Normally I give a novel at least a few pages before deciding it’s not for me. Two of these I read about half but the other fell off my lap after about 20 pages. All three of these books had great reviews on Amazon and Barnes and Noble but they just did not work for me.
Pies and Prejudice (A Charmed Pie Shoppe Mystery) felt like a rerun. Heroine Ella Mae runs from her cheating husband back home to a small Georgia town and starts a pie shoppe. Of course her arch enemy from kindergarten on through high school shows up, her former crush shows up and she is suspected in a murder. With me so far?

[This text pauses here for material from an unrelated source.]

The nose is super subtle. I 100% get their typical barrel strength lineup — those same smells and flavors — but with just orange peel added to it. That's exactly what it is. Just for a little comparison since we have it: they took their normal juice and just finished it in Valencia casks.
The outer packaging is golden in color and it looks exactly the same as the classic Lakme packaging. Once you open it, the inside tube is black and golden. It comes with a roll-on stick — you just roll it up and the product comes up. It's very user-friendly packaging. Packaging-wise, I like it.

Ella Mae makes pies to fit her mood and the person and bakes a bit of enchantment into each one. It’s a little like Garden Spells but without the charming eccentric characters and real-feeling fantasy element.
Despite Pies and Prejudice having 4 1/3 stars on Amazon I simply could not finish. Characters, setting, plot, dialogue were flat, uninteresting.

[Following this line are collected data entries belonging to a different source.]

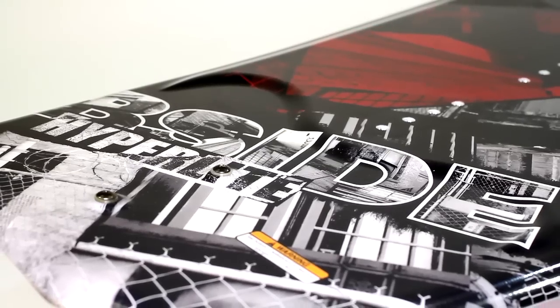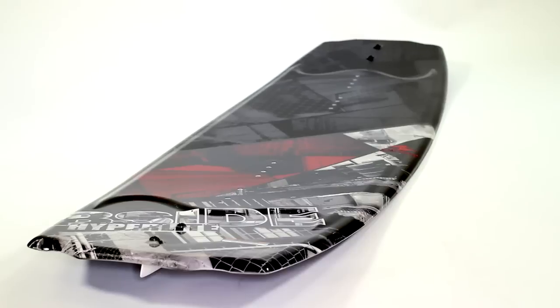The V-Side is JD Webb's pro model and has been one of the best selling boards in the Hyperlite line for two seasons now. I'm really excited to be riding my board again this year. It's the third year for the V-Side shape and it's an insane board.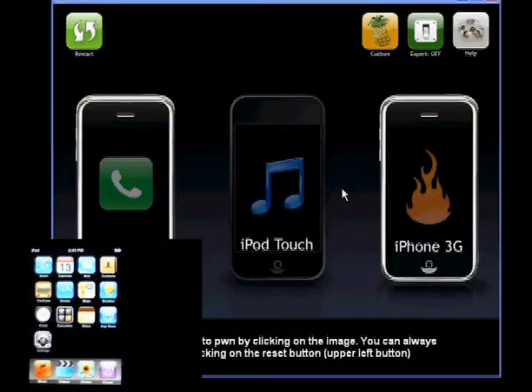Hey guys, Phil here from jailbreakitouch.com. Today I'm going to show you how to jailbreak your iPod Touch using WinPwn 2.5 Beta. This is for firmware 2.02.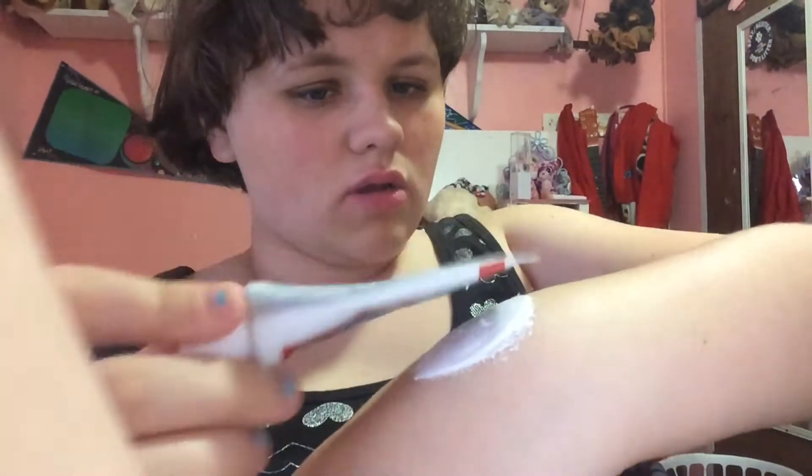Right now it does itch, it's itching me, so I just put it on here. I just got it on. You just leave it there until it dries, because it will have a little bit of stinging.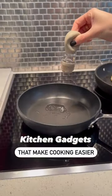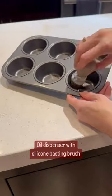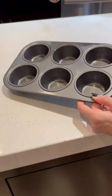These cooking gadgets actually make cooking easier. This oil dispenser has a built-in dropper with silicone bristles which makes dispersing oil evenly so simple.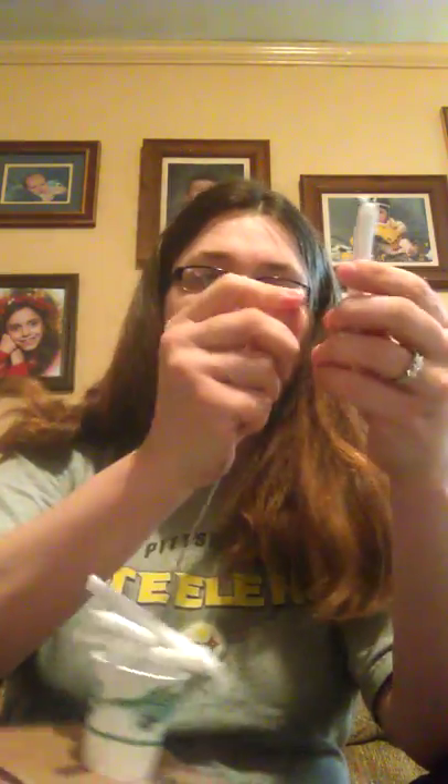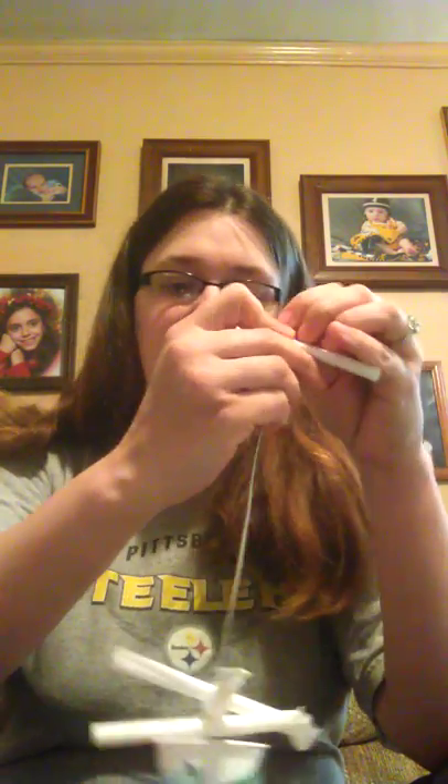You just keep stringing the pieces onto your base. Here I have an almost finished toy. I have a few more pieces of straw to add, and then I'm going to take my needle nose pliers and make a loop at the end of it so I can put a hook on it.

I got further with Mark of the Mage (The Scribes of Medeisia), over half way through. I was not particularly enjoying the story but it wasn’t so bad that it made me get up off the couch to read something else. At least not until my tea mug ran out and I needed a refill!
Mark of the Mage (The Scribes of Medeisia) isn’t a bad book, it just didn’t have enough oomph to keep me reading. This one also has 5 stars on Amazon so my blah feeling might have been me not the novel.
The second murder mystery, Leave No Stone Unturned (A Lexie Starr Mystery, Book 1), was the best of the lot, good enough that I could have finished had there not been something else to read. The story is a cute combination of suspense and romance, with late 40s widowed Lexie Starr concerned about her daughter’s new husband, Clay. Lexie doesn’t like the guy but is determined to put a happy face until she stumbles across a newspaper article that he is the prime suspect in his first wife’s murder. Lexie’s daughter doesn’t even know Clay had been married before.
Lexie makes up a story for her daughter about meeting up with a jeweler she met online and takes off for Schenectady to research the murder. This is where Leave No Stone Unturned lost me. Lexie tells the police detective she’s writing a novel about the case and that she could help. Really. No police detective who ever saw a single episode of Murder She Wrote or any of its imitators is going to be too excited about that and a clever woman like Lexie could surely come up with a better reason to talk to him.
The romance is sweet without being maudlin and is the best part of the story. It just was’t good enough to keep me reading the rest. Leave No Stone Unturned has 4 1/3 stars on Amazon too, so once again my opinion is the minority. I’d give it 3 stars.